In light of the need, due to the pandemic, to allow hospitality businesses to extend their trading outdoors, local authorities have moved to assist businesses, by automatically renewing existing Street Furniture Licences, and introducing Temporary Street Furniture Licences for businesses that did not have an existing licence. Local authorities also waived fees for Street Furniture Licence renewals and Temporary Street Furniture Licence in 2020 and it appears that many local authorities will be waiving the fees again in 2021.
In order to avail of a Street Furniture Licence, the business must prove that the outdoor area is under their control, is suitable for accommodating a seating area, and that the business is able to serve food and beverages to the public which are suitable to be consumed at that location.
The steps for applying for a Street Furniture Licence are as follows:
- Arrange a site meeting with the relevant local authority to assess the suitability of the outdoors area.
- Publish a notice in a national newspaper of the intention to apply for the licence (details of the applicant, the premises, the number of tables and size of the outdoor area should be included).
- Place a notice which is visible to the public on the premises and which summarises the content of the application.
- Complete the Street Furniture Licence Application Form (available from each local authority’s website) and pay the licence fee (if required). The initial licence fee is €100 and thereafter the annual renewal fee is €50. The annual fee per table is €125 (however, regulations have been drafted by the government this year to temporarily remove this fee) and the annual space rental charge varies from €200 to €500 depending on the zone the premises is located in and whether the outdoor area in question is greater or lesser than 4 square metres.
- The local authority processes the application and where appropriate, the licence will be granted.
- Obtain the relevant public liability insurance of €6.5m to indemnify the local authority and provide confirmation of this to the local authority.
Once granted the licence is accompanied by several general conditions
- The licensed area must be enclosed by screens.

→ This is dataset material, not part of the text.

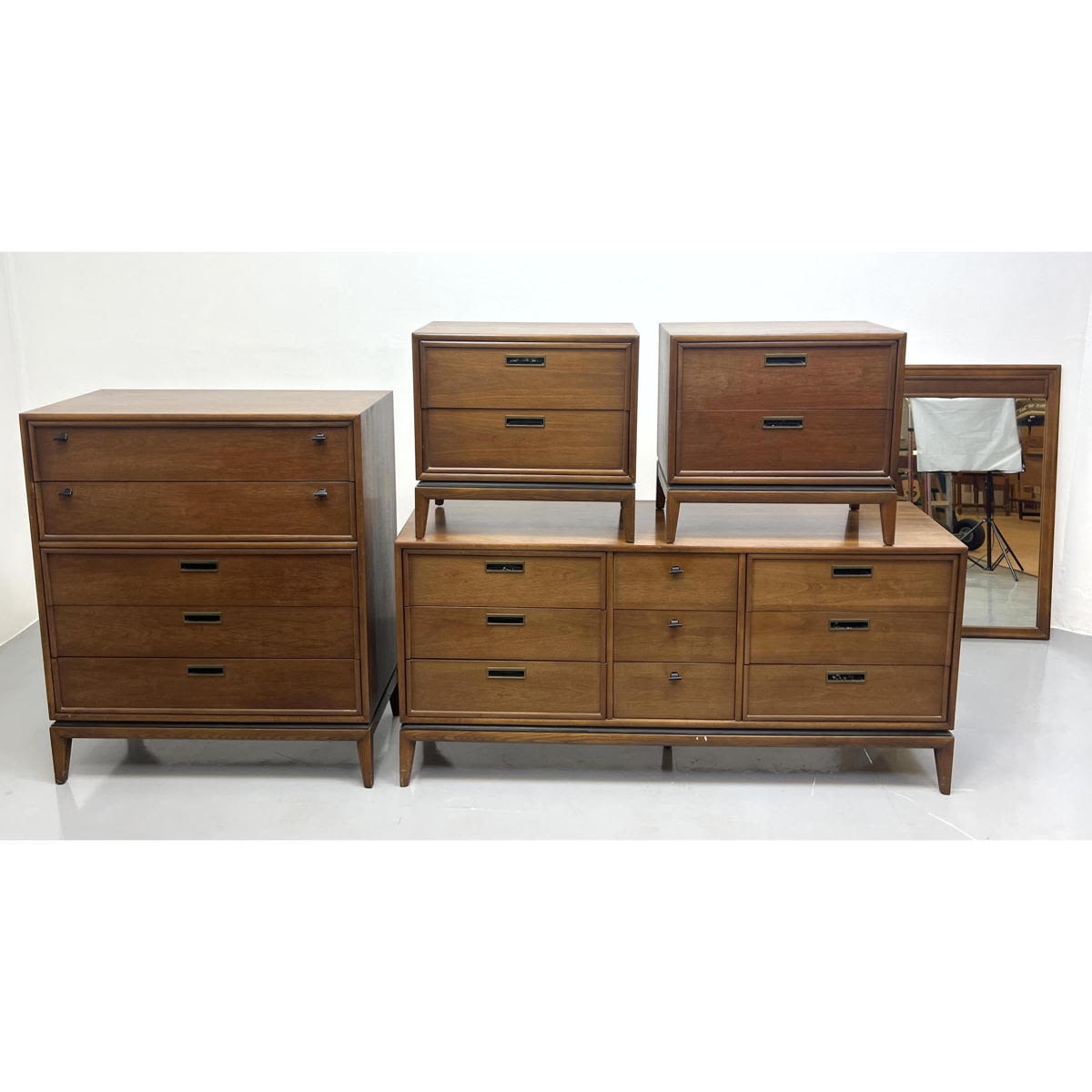 Appraisal: pc Stanley American Modern Bedroom Set Tall chest low dresser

- The design must be approved by the local authority.
- Planning permission is required for any front or side awnings used to cover the licensed area (although The Housing Minister Darragh O’Brien has also stated an intention to amend the existing street furniture licence to include awnings and coverings as a new class under the licence. This would permanently remove these structures from the requirement to submit a planning application and it is hoped that these changes will be implemented in the next few weeks.)

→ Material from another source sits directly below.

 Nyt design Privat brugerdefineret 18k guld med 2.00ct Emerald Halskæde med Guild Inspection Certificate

- Additionally, the street furniture may only be placed on the street within the times specified on the licence and must be removed no later than 10:00pm daily, save for where written permission is otherwise provided by Dublin City Council.
Finally business owners should be aware that if the proposed outdoor seating area is to be used for smoking, the area must have no roof, whether fixed or mobile or alternatively, the smoking area may have a fixed or moveable roof, provided not more than 50% of the boundary is covered i.e. by a wall, windows or gate.